● **TASK ITEM**
Please output every line of the material as it stands, without the pictures.

________________

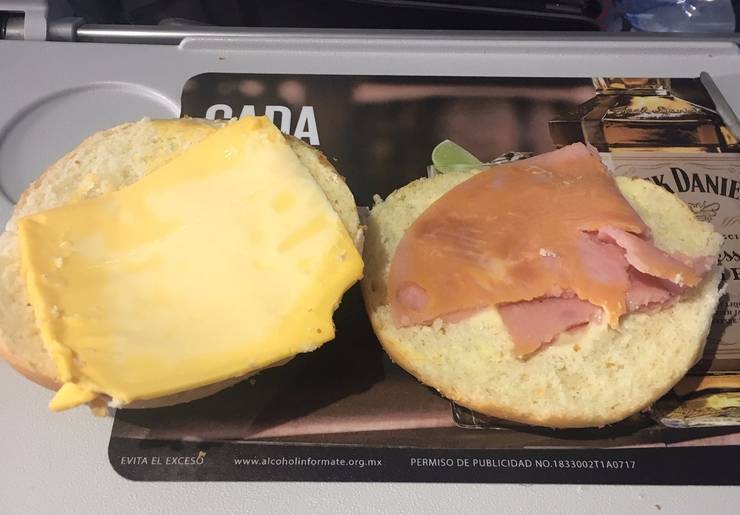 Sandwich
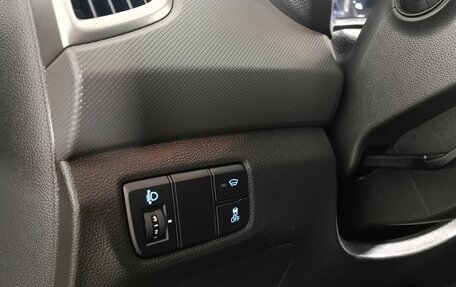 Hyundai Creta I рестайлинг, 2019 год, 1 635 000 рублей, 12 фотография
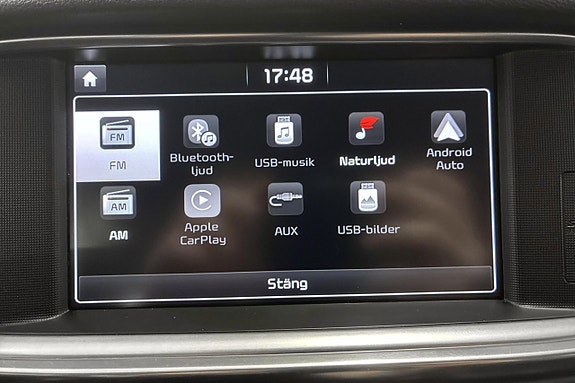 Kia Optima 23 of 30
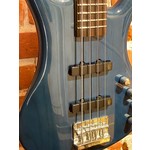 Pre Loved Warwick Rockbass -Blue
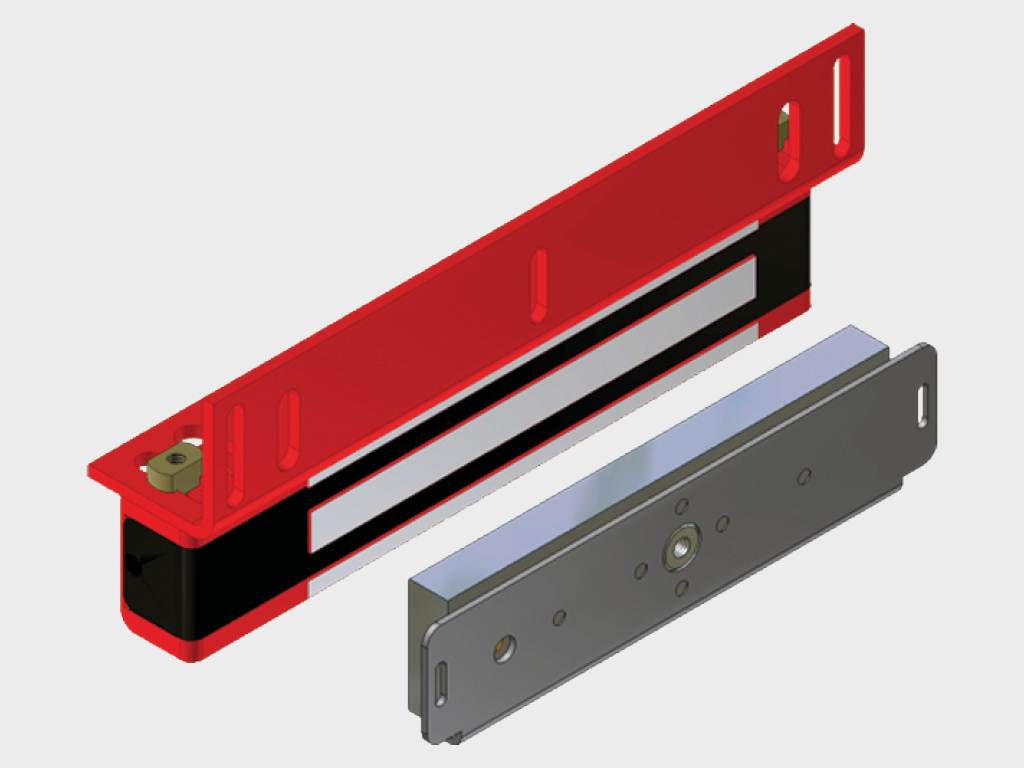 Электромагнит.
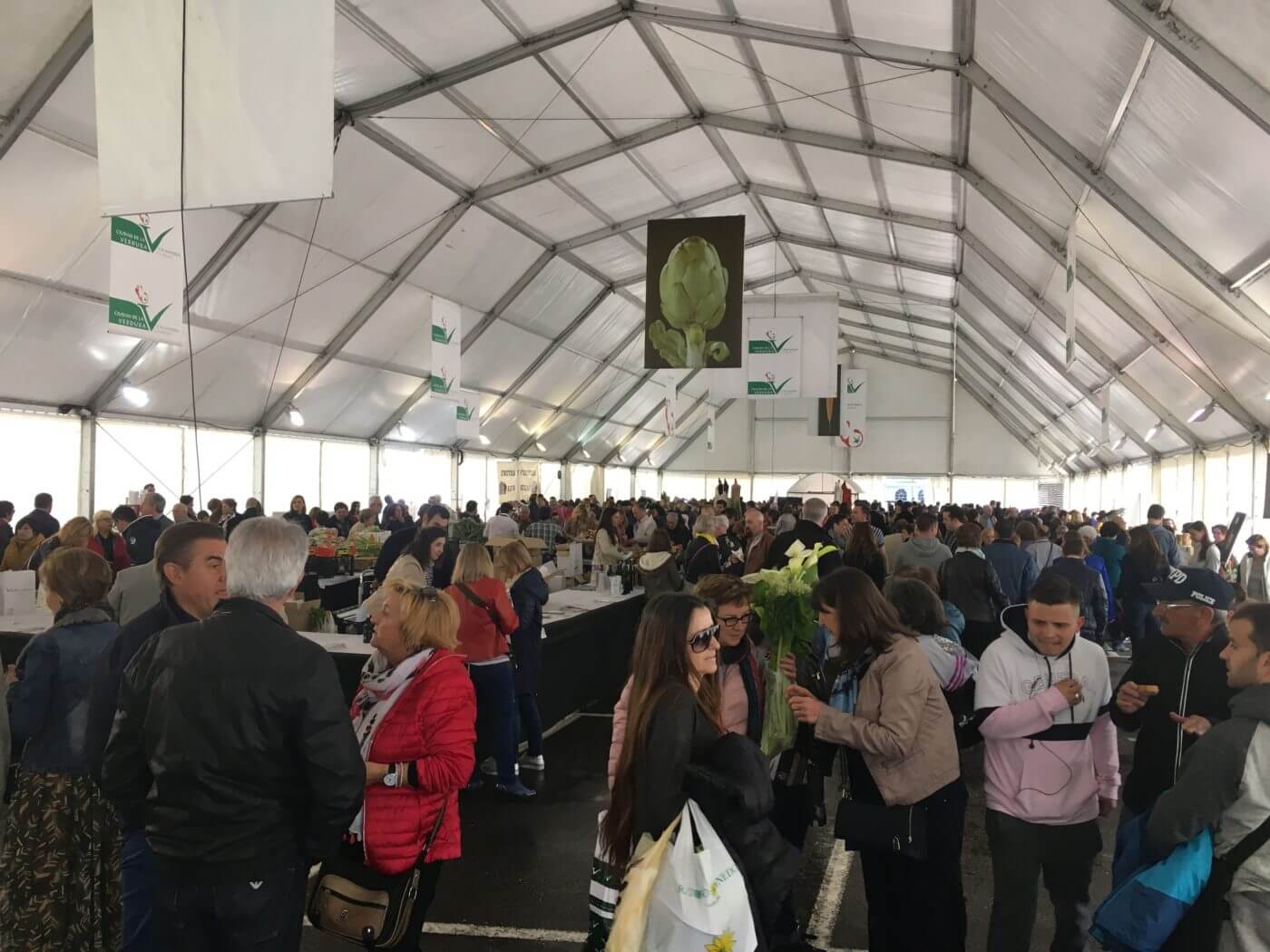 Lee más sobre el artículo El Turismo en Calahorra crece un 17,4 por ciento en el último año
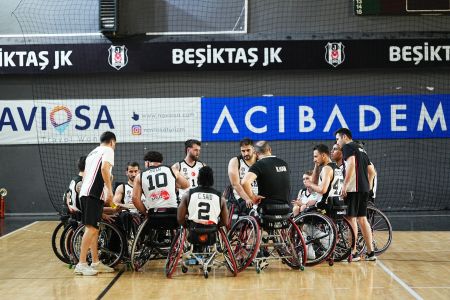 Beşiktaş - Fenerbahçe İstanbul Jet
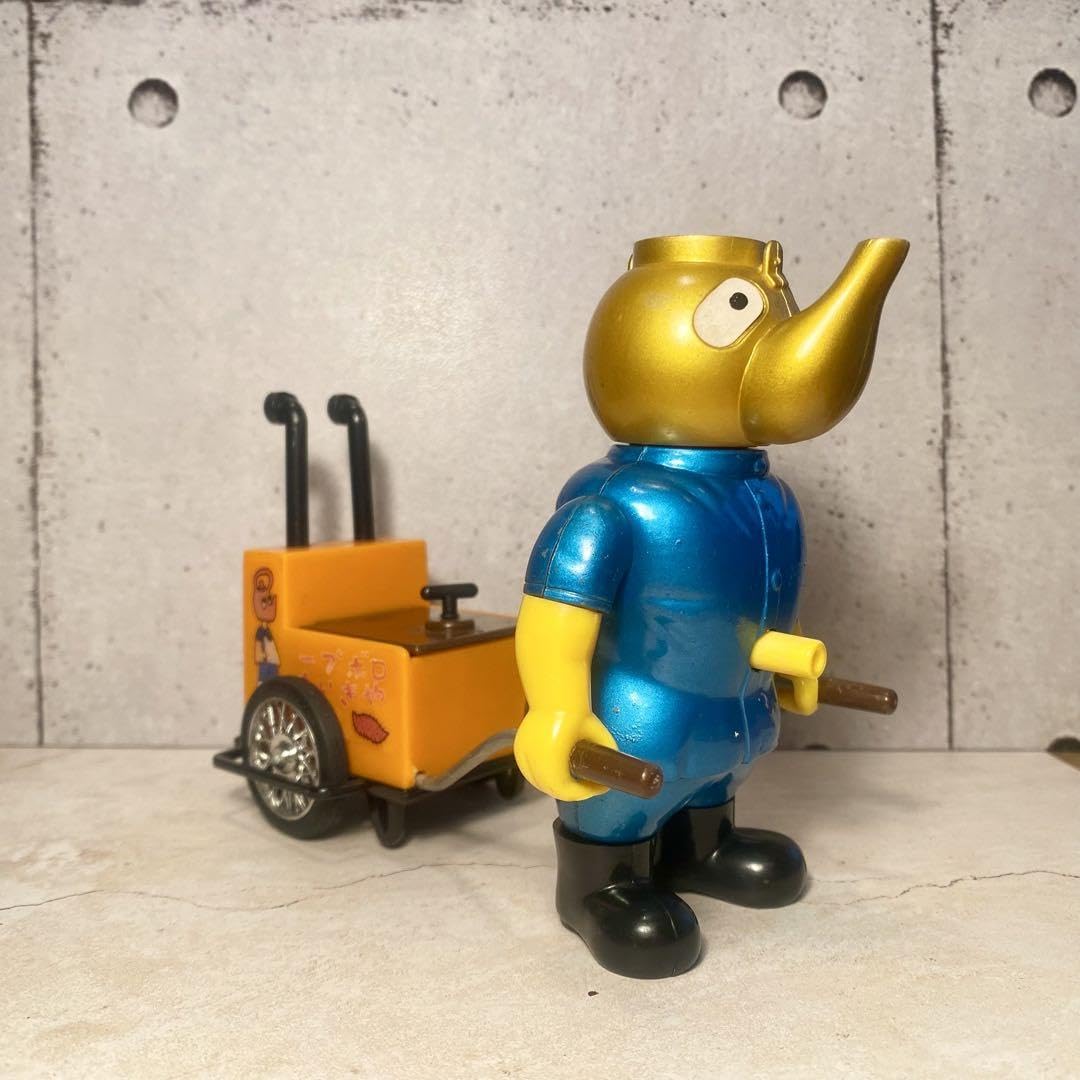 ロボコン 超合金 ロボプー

________________

● **ANSWER SECTION**
 Sandwich
 Hyundai Creta I рестайлинг, 2019 год, 1 635 000 рублей, 12 фотография
 Kia Optima 23 of 30
 Pre Loved Warwick Rockbass -Blue
 Электромагнит.
 Lee más sobre el artículo El Turismo en Calahorra crece un 17,4 por ciento en el último año
 Beşiktaş - Fenerbahçe İstanbul Jet
 ロボコン 超合金 ロボプー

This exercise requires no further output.